Simple and Intuitive API: Iris provides simple and intuitive RMA APIs. Writing multi-GPU programs is as easy as writing single-GPU programs.
Triton-based: Iris is built on top of Triton and inherits Triton's performance and capabilities.
Triton Gluon-based backend (Experimental): Includes an optional backend built on Triton’s Gluon language, a lower-level GPU programming model that exposes explicit control over layouts, memory, and data movement—ideal for users seeking maximal performance and hardware-level optimization.

Documentation

API Example

Here's a simple example showing how to perform remote memory operations between GPUs using Iris:

import torch
import torch.distributed as dist
import torch.multiprocessing as mp
import triton
import triton.language as tl
import iris

# Device-side APIs
@triton.jit
def kernel(buffer, buffer_size: tl.constexpr, block_size: tl.constexpr, heap_bases_ptr):
    # Compute start index of this block
    pid = tl.program_id(0)
    block_start = pid * block_size
    offsets = block_start + tl.arange(0, block_size)
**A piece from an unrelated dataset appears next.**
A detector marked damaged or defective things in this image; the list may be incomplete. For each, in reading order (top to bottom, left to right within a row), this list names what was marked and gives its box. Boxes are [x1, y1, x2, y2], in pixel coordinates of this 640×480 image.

    # Guard for out-of-bounds accesses
    mask = offsets < buffer_size

    # Store 1 in the target buffer at each offset
    source_rank = 0
    target_rank = 1
    iris.store(buffer + offsets, 1,
            source_rank, target_rank,
            heap_bases_ptr, mask=mask)

def _worker(rank, world_size):
    # Torch distributed initialization
    device_id = rank % torch.cuda.device_count()
    dist.init_process_group(
        backend="nccl",
        rank=rank,
        world_size=world_size,
        init_method="tcp://127.0.0.1:29500",
        device_id=torch.device(f"cuda:{device_id}")
    )

    # Iris initialization
    heap_size = 2**30   # 1GiB symmetric heap for inter-GPU communication
    iris_ctx = iris.iris(heap_size)
    cur_rank = iris_ctx.get_rank()

    # Iris tensor allocation
    buffer_size = 4096  # 4K elements buffer
    buffer = iris_ctx.zeros(buffer_size, device="cuda", dtype=torch.float32)
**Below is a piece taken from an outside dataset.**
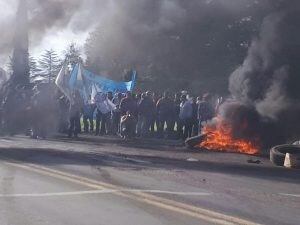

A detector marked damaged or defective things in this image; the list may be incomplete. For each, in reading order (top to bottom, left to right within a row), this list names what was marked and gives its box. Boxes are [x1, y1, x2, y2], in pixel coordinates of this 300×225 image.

charred tire [270, 145, 300, 166]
    # Launch the kernel on rank 0
    block_size = 1024
    grid = lambda meta: (triton.cdiv(buffer_size, meta["block_size"]),)
    source_rank = 0
    if cur_rank == source_rank:
        kernel[grid](
            buffer,
            buffer_size,
            block_size,
            iris_ctx.get_heap_bases(),
        )

    # Synchronize all ranks
    iris_ctx.barrier()
    dist.destroy_process_group()

if __name__ == "__main__":
    world_size = 2  # Using two ranks
    mp.spawn(_worker, args=(world_size,), nprocs=world_size, join=True)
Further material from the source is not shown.